The CFPB has issued a report, “Mortgages to First-time Homebuying Servicemembers,” that focuses on mortgage loans made from 2006 to 2016 to first-time homebuyers who are serving in the military or are veterans. In its press release, the Bureau states that the report represents “the first time researchers have been able to provide a description and analysis of servicemembers’ mortgage choices and mortgage performance, both during and after the housing crisis of the last decade.”
The report is part of the Bureau’s series of quarterly reports on consumer credit trends that uses a “longitudinal, nationally-representative sample of approximately five million de-identified credit reports from one of the three nationwide consumer reporting agencies.” To distinguish credit reports for servicemembers from those of non-servicemembers, the consumer reporting agency providing the data matched credit records in the sample to the Department of Defense’s Servicemembers Civil Relief Act database.
The report’s key findings include:
- The share of first-time homebuying servicemembers using loans partially guaranteed by the U.S. Department of Veterans Affairs (VA Loans) increased from 30 percent before 2007 to 63 percent in 2009. Among non-servicemember first-time homebuyers there was a parallel increase in the use of FHA and Department of Agriculture mortgage loans. However, in contrast to non-servicemembers whose reliance on FHA/USDA mortgages declined after 2009, servicemembers continued to increased their reliance on VA loans, with VA Loans comprising 78 percent of servicemember loans in 016.
- The greater share of VA Loans among servicemembers was part of a larger shift among consumers (both servicemembers and non-servicemembers) away from conventional to government-guaranteed mortgage loans between 2006 and 2009. Conventional (i.e. non-government-guaranteed) mortgage loans represented about 60 percent of loans among first-time homebuying servicemembers in 2006 and 2007, but declined to 13 percent by 2016. In comparison, the share of conventional loans among non-servicemembers fell from almost 90 percent before 2008 to 41 percent in 2009, then increased back to 60 percent in 2016. The combined share of FHA and USDA mortgages to these borrowers increased and then decreased accordingly.
- The median VA Loan amount for first-time homebuying servicemembers increased from $156,000 in 2006 to $212,000 in 2016, closely tracking the median value of conventional home loans taken out by non-servicemembers. In contrast, the median loan amounts for servicemembers who used conventional or FHA/USDA mortgages during this period were lower and increased more slowly.

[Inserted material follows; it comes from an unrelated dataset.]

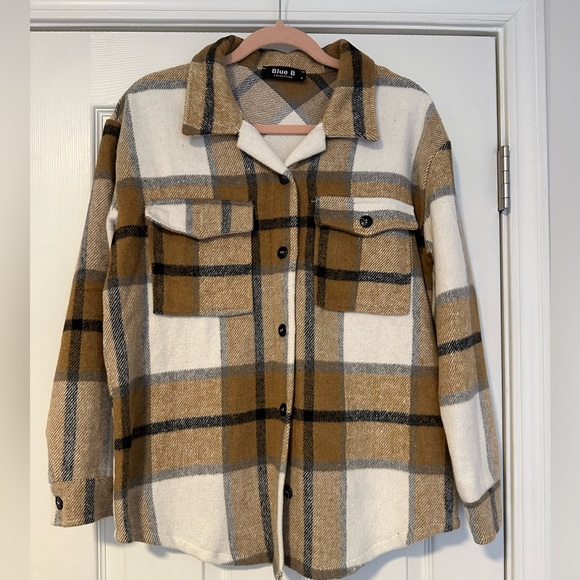 Shacket - Picture 1 of 3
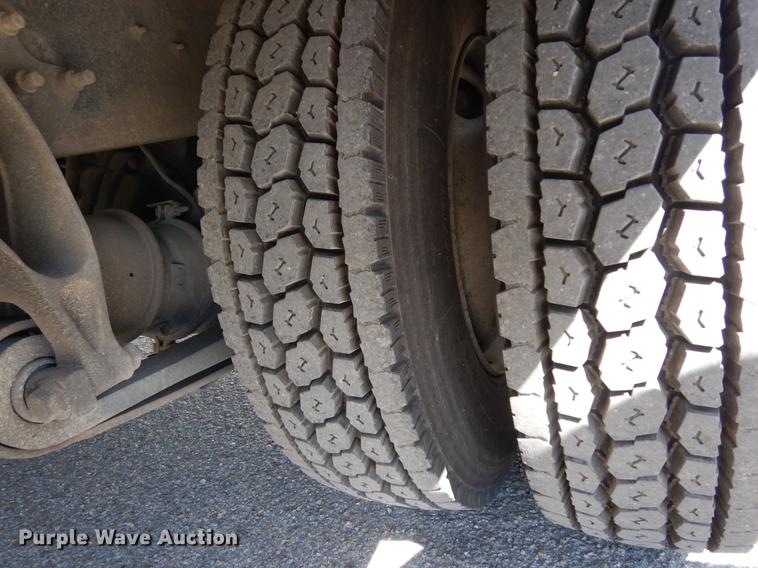 image for item DJ0772 2006 International 4300  box truck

- Delinquency rates for nonprime servicemember borrowers with VA Loans peaked in 2007 at approximately 7 percent and fell to about 3 percent by 2016. Delinquency rates between 2006 and 2008 among nonprime borrowers were significantly higher for FHA/USDA loans to non-servicemembers and for conventional loans to both servicemembers and non-servicemembers. Conventional loans to nonprime borrowers, for both servicemembers and non-servicemembers, had delinquency rates greater than 13 percent in 2006 but were below two percent by 2016. After 2009, conventional loans to all nonprime borrowers generally had lower delinquency rates than both VA Loan to nonprime servicemembers and FHA/USDA loans to nonprime non-servicemembers.